À notre retour, un message attend dans la boîte mail d’Aniouschka. Pleasure Vault a répondu.

— Alors, voyons ce qu’ils me disent...

Je suis heureuse de constater que mon amie avait l’air aussi excitée que moi.

Dear Ms. Manoukian,

Thank you very much for your interest. We would be very pleased to meet you for a talk about our products. Unfortunately, we are sorry to announce you that such an entrevue is currently impossible, our manager being away for an undetermined time. Please renew your request sometime later. We are glad to offer you a – 25% off ticket for any purchase on our website with the code below : SORRY2023.

The staff

Aniouschkha reste silencieuse un moment.

— Bizarre, ce message...

— Oui, l’anglais est tout cassé. On dirait que ça a été écrit par une machine...

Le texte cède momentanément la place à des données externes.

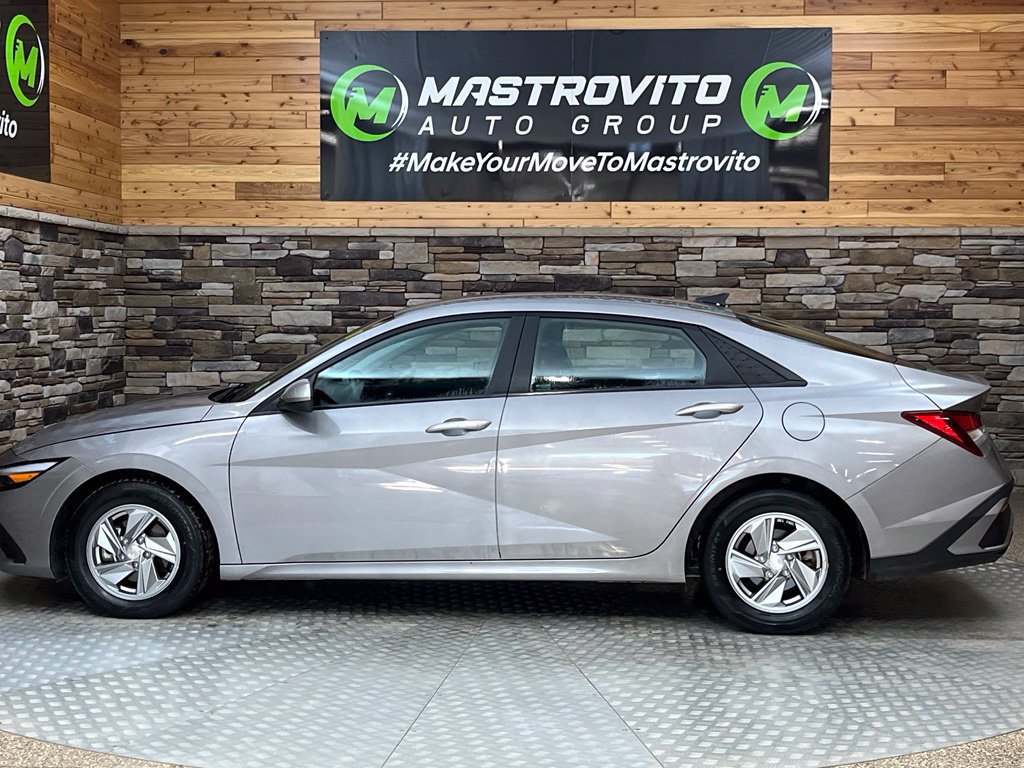 Certified 2024 Hyundai Elantra SE FWD image 14
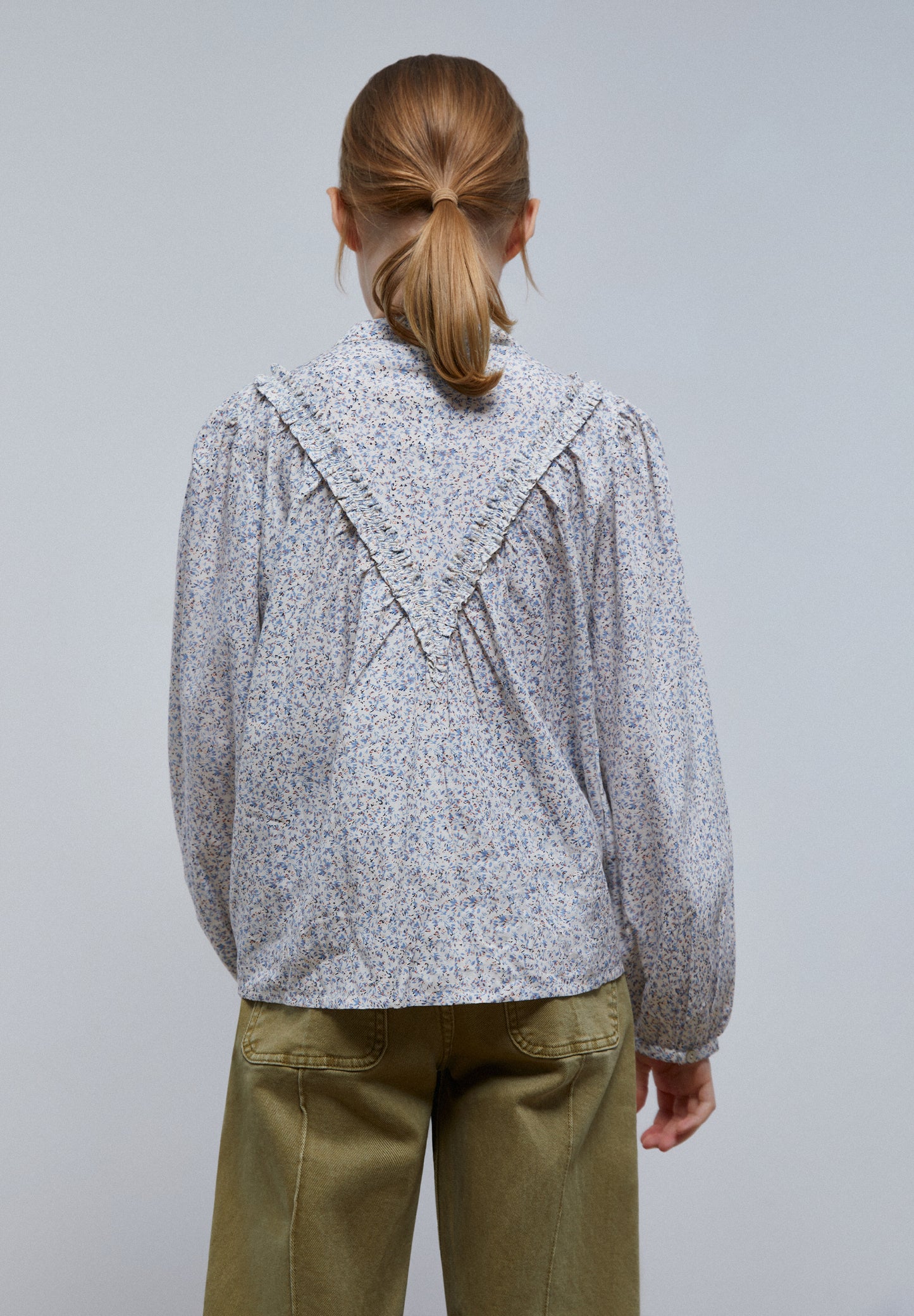 BLUSA FLORES CANESÚ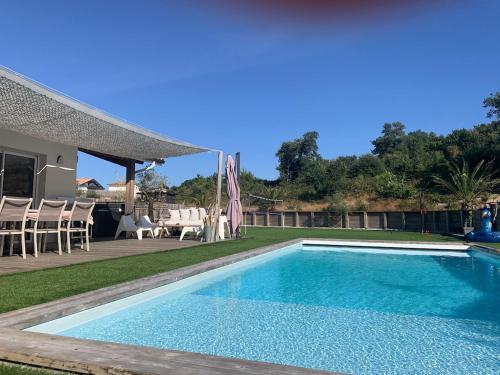 Villa 12 personnes piscine chauffée et jacuzzi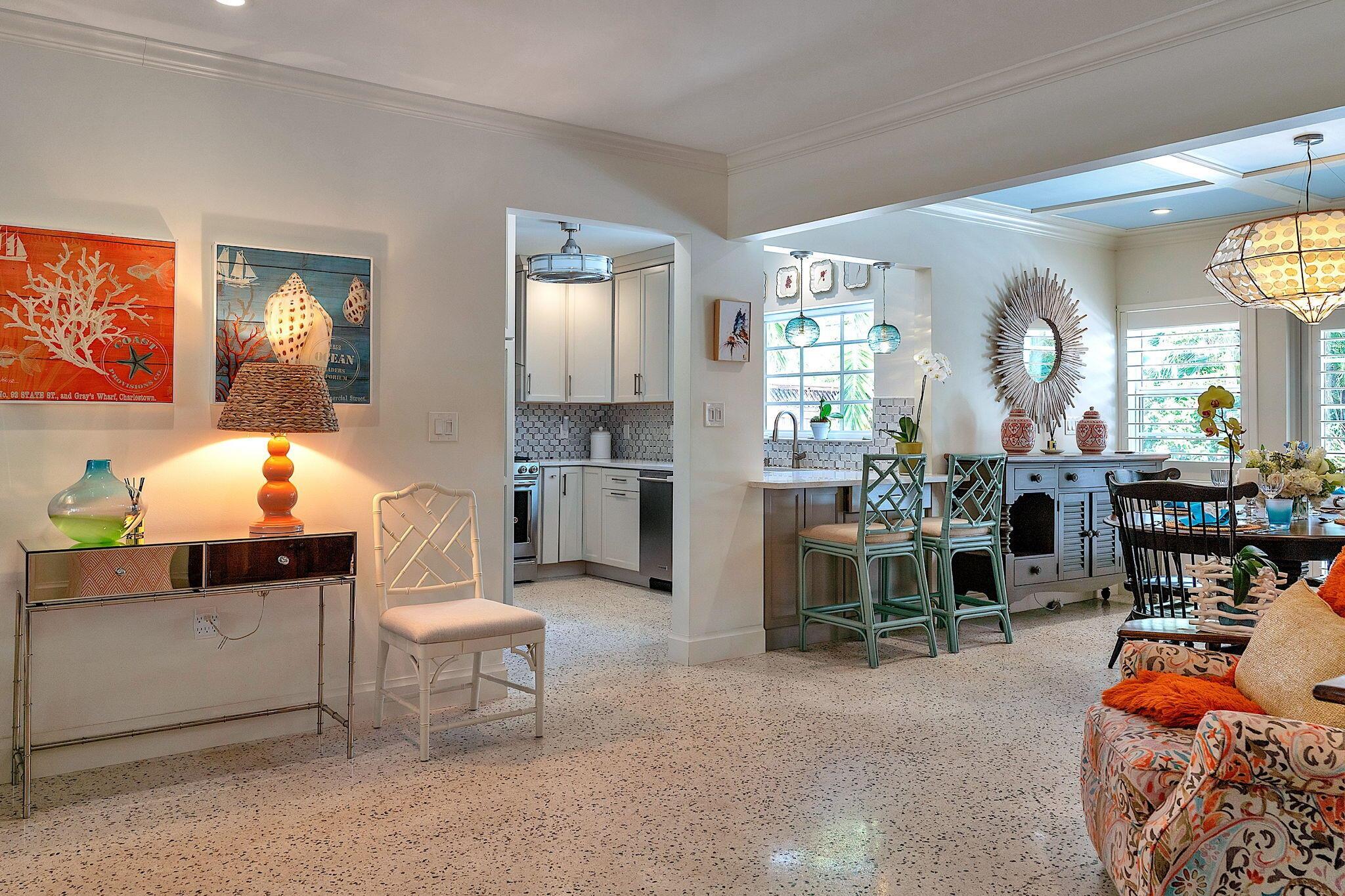 912 N Lakeside Drive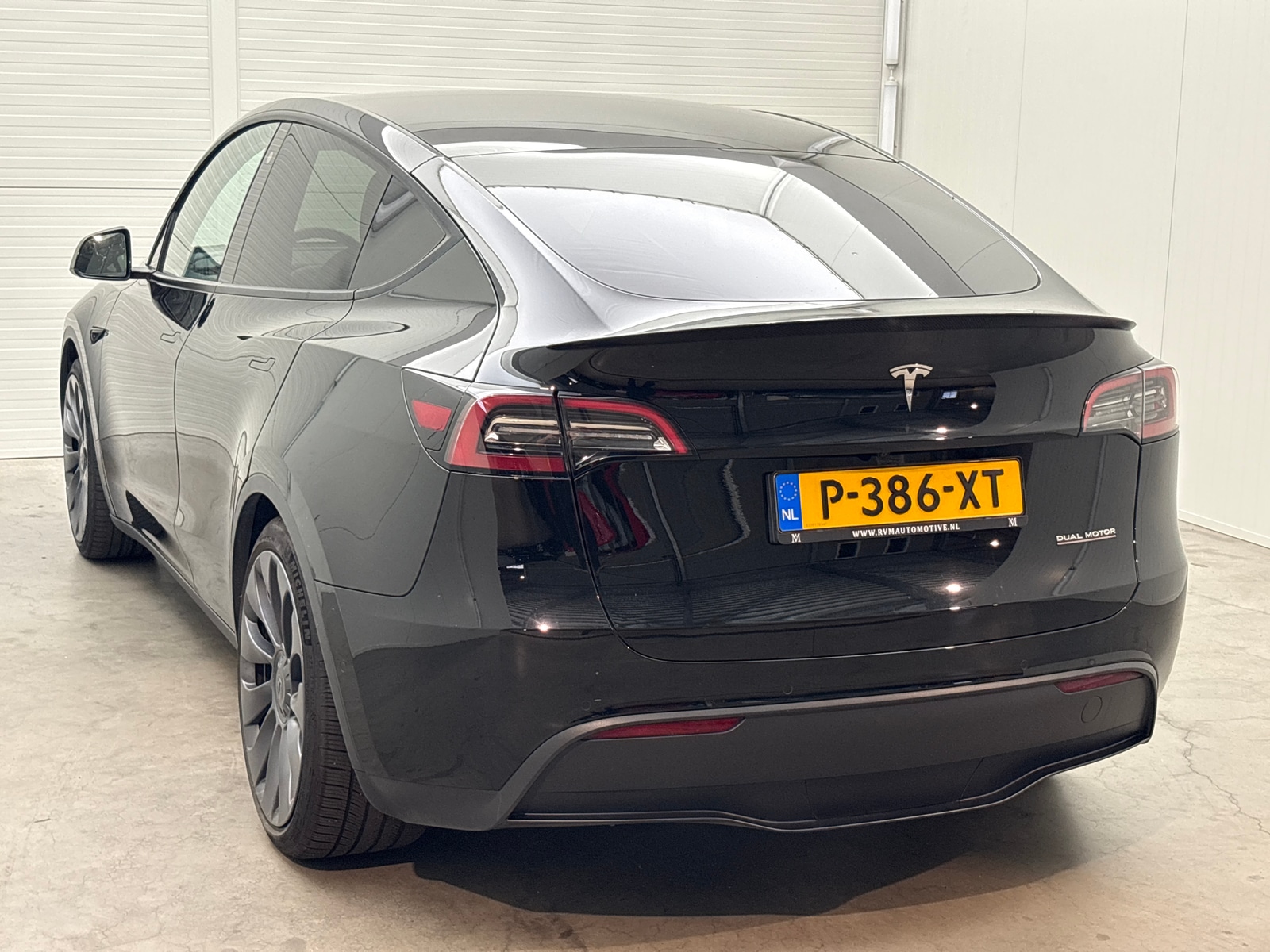 Foto 4 van Tesla Model Y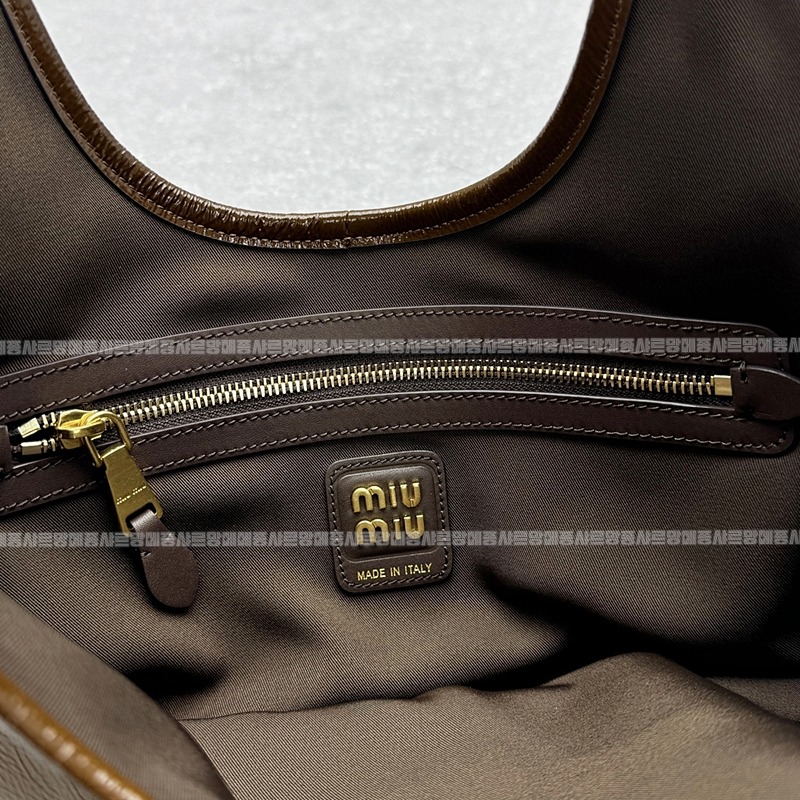 미우미우아이비나플락페이턴트가죽백라지  20260519 160718 018.jpg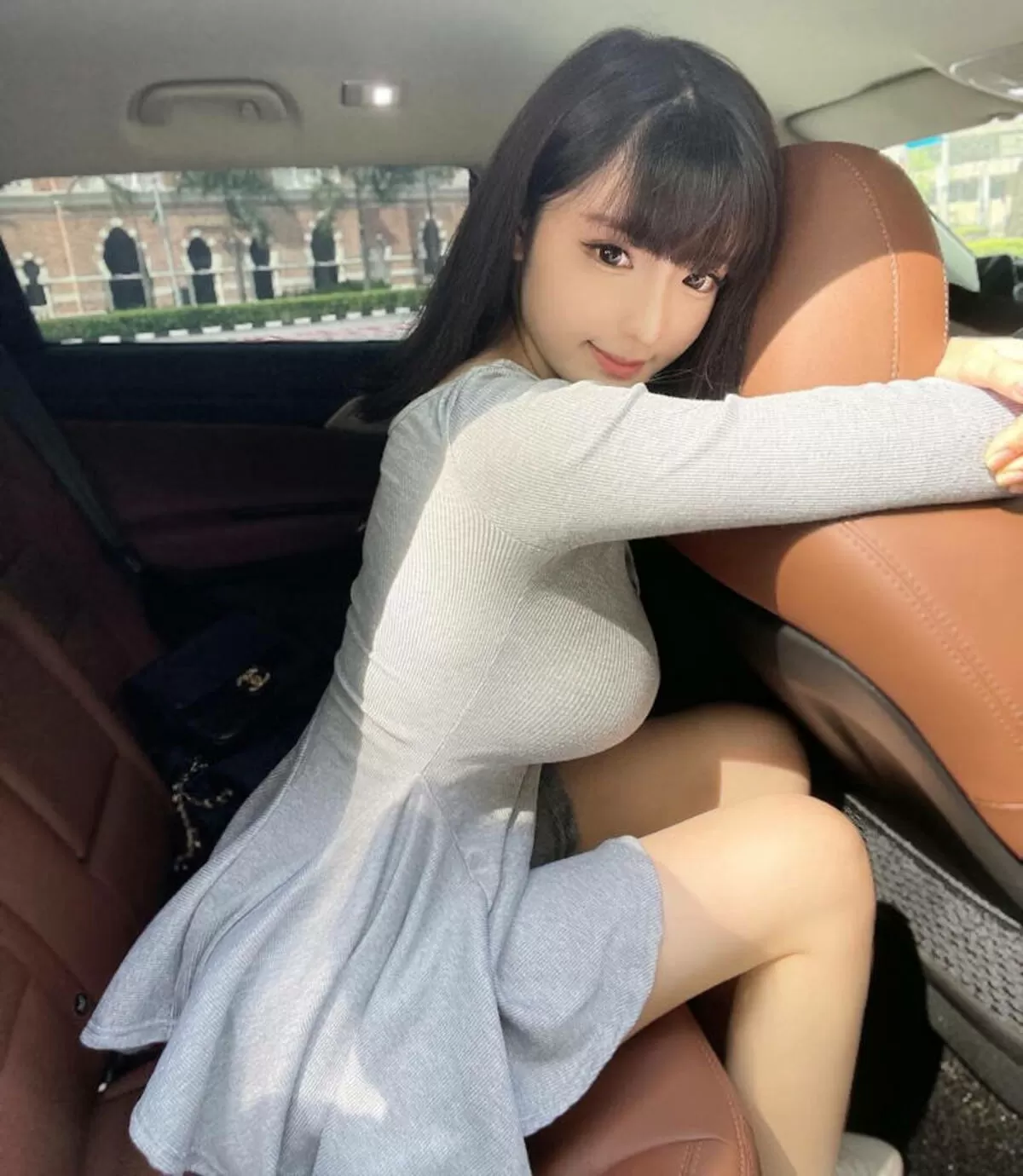 着衣爆乳のエロ画像043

— Ou par Dracula ! Et cette « entrevue »... en tout cas, c’est bien la première fois qu’un professionnel refuse de me rencontrer ! Même Ted Tow a accepté.

— Ted Tow ? Le mec qui organise le Fuck Club ?

— Lui-même. Première règle, ne jamais parler du Fuck Club... et pourtant, j’ai réussi à l’interviewer !

Aniouschka a l’air presque vexée par cette fin de non-recevoir.

— Il n’y a plus qu’une seule solution. Il faut le leur demander là-bas.

— Là-bas ? tu veux dire, aux States ?

— Au Gear. Ils doivent forcément avoir une adresse, puisqu’ils reçoivent leurs colis...

— Je ne peux pas t’accompagner, soupiré-je à regret. Mon contrat de vacation n’a pas été renouvelé. J’ai plus aucune thune…

— Et pourquoi pas ? Je veux en savoir plus sur cette boîte, tu as réussi à m’intriguer. Je vais avec toi : le journal paiera nos frais.

— Je croyais que ça ne les intéressait pas ?

— Je peux réussir à leur vendre le truc... tu me connais ! répond Aniouschka avec un clin d’œil.

J’ai réussi à l’accrocher.

— Mais ça va prendre du temps...

— T’as raison, on n’en a pas. Je vais t’avancer le billet. (Aniouschka regarde sa montre.) On a un train pour Paris dans... 45 minutes. On le prend ? Tu peux laisser ta voiture ici, et repartir demain. Je te paye aussi l’hôtel.

Je n’ai pas quitté sa campagne depuis le début du confinement, deux ans auparavant. Cependant, malgré mon agoraphobie et ma peur des aventures, il me faut moins de cinq secondes pour me décider.